When your CPU makes a mistake, there is some chance you notice - for example, due to a program crashing, or visual artifacts in a game - but there is also a chance that you don't notice. There are different errors a CPU can make that have different results.
One error that would not cause any problems is a mistake in a branch prediction. Since the CPU knows that the branch predictor is often wrong, it checks the predictions and recovers if the predictions are wrong. Since the branch predictor doesn't affect correctness, the worst case result would be a tiny slowdown. Another error that wouldn't matter is an error that corrupts information that isn't reused. Every time the CPU adds two numbers, it tracks some "flags" that note if the result is positive, negative, or zero. If a flag is miscalculated - but isn't checked - nothing bad happens.

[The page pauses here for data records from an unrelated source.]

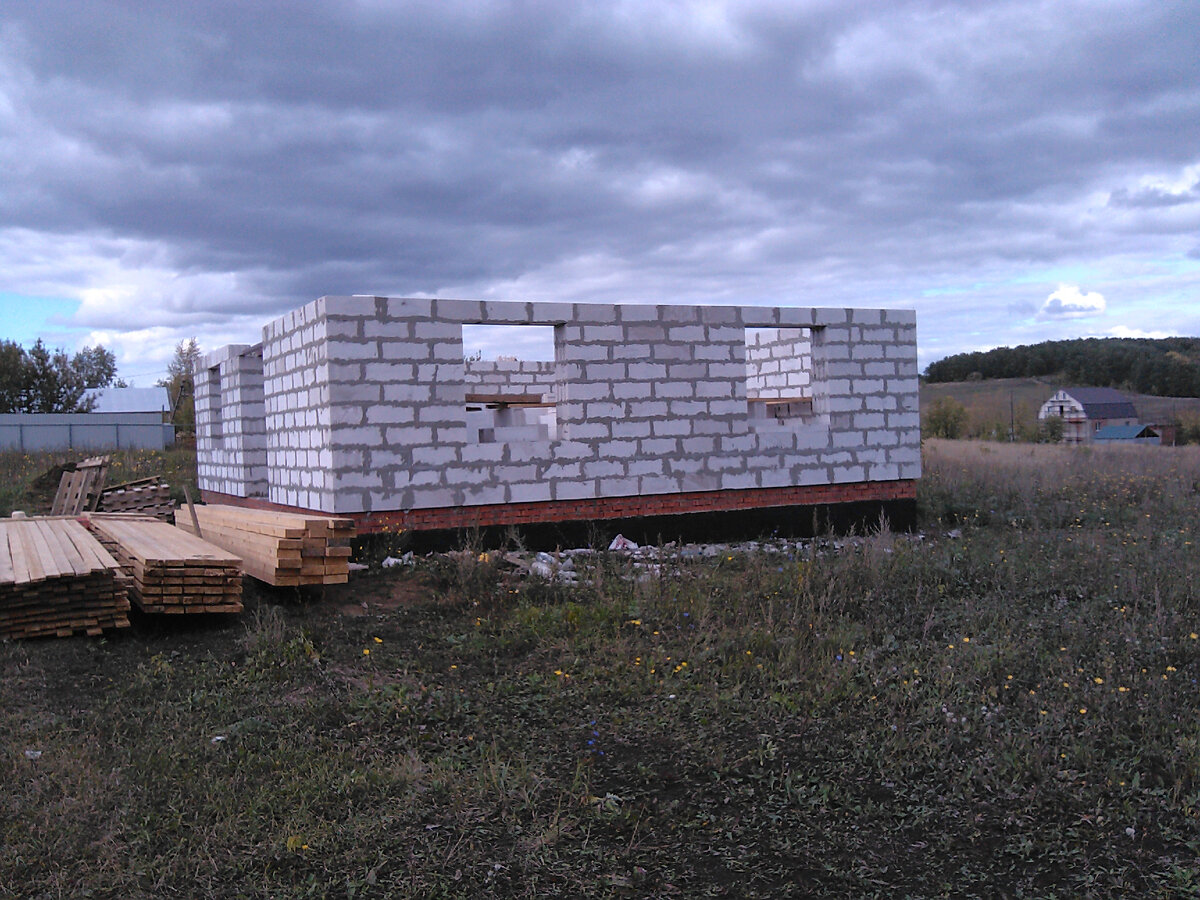 На прошлом объекте сваи были только по углам дома, и всё перезимовало отлично, думал Генеральный. @ Горбунов Сергей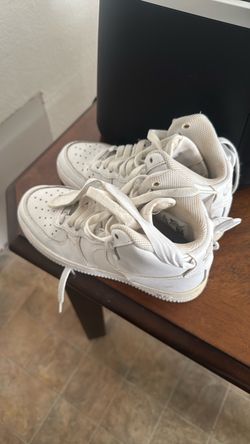 Nike shoes youth size 5 youth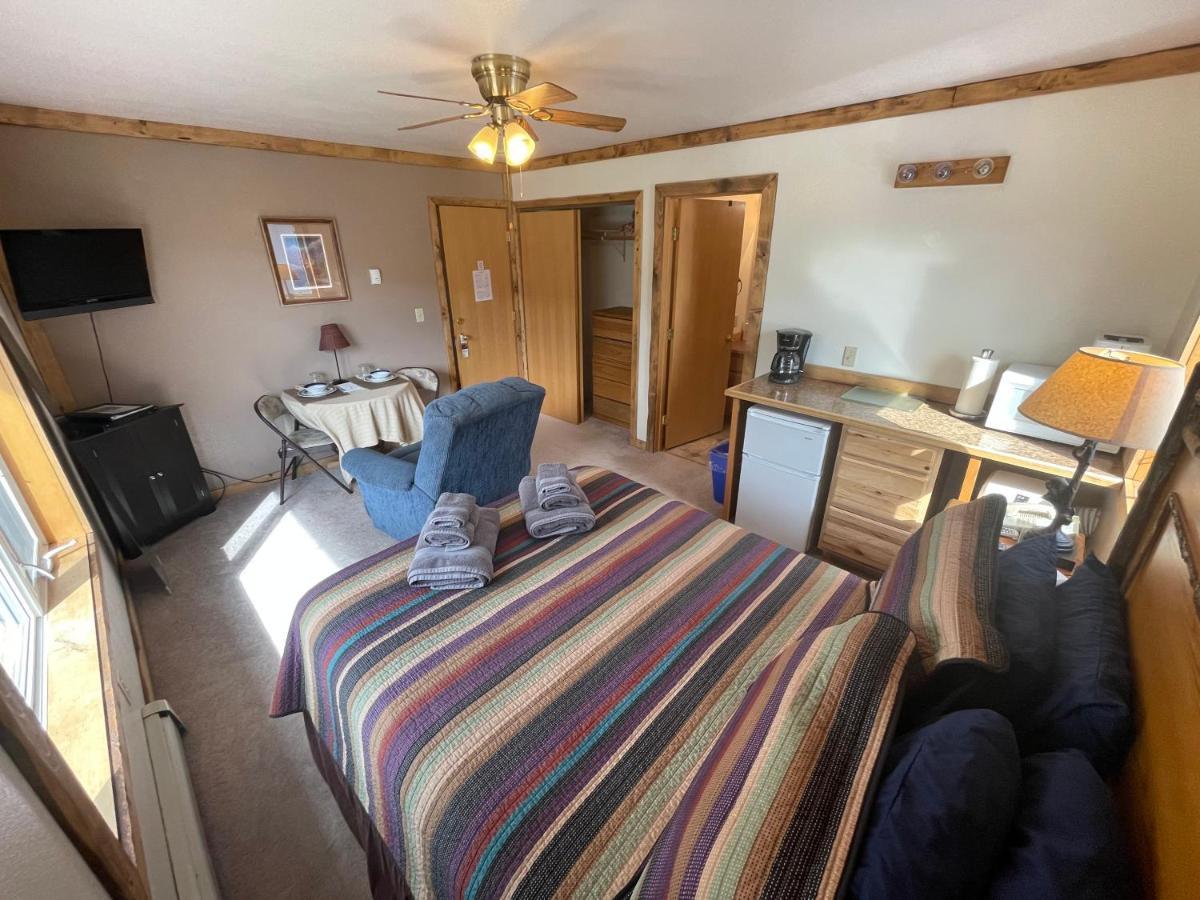Denali Lakeview Inn Healy Ngoại thất bức ảnh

An error that would cause a crash might be a mistake in a TLB, or a mistake reading / decoding an instruction (which could result in the CPU trying to do something illegal). Depending on what code happens to be running when this happens, the result could be a single application crashing or the whole machine crashing.
An error that could silently corrupt data would be a bit flipping in a floating point calculation. If, say, you're doing your taxes and your CPU is overclocked, it's possible that one of the bits of a floating point calculation doesn't get back into the register file before the clock ticks, so the wrong answer is stored. You might not notice so long as the error doesn't cause an obvious discrepancy... that's silent data corruption. Another example would be a media encoding app that sometimes corrupts video frames. You won't notice until you try to watch the video later.
Given a flaky CPU (which intermittently makes a specific type of mistake, e.g. calculating an incorrect multiplication), it's very possible for some applications to crash horribly (e.g. assuming that a multiplication result won't be zero, and dividing by the result of the multiplication) and for another application to appear to work, but produce subtly incorrect results. If there is any test that fails with a certain OC, it's risky (at best!) to consider that OC "stable for other tasks".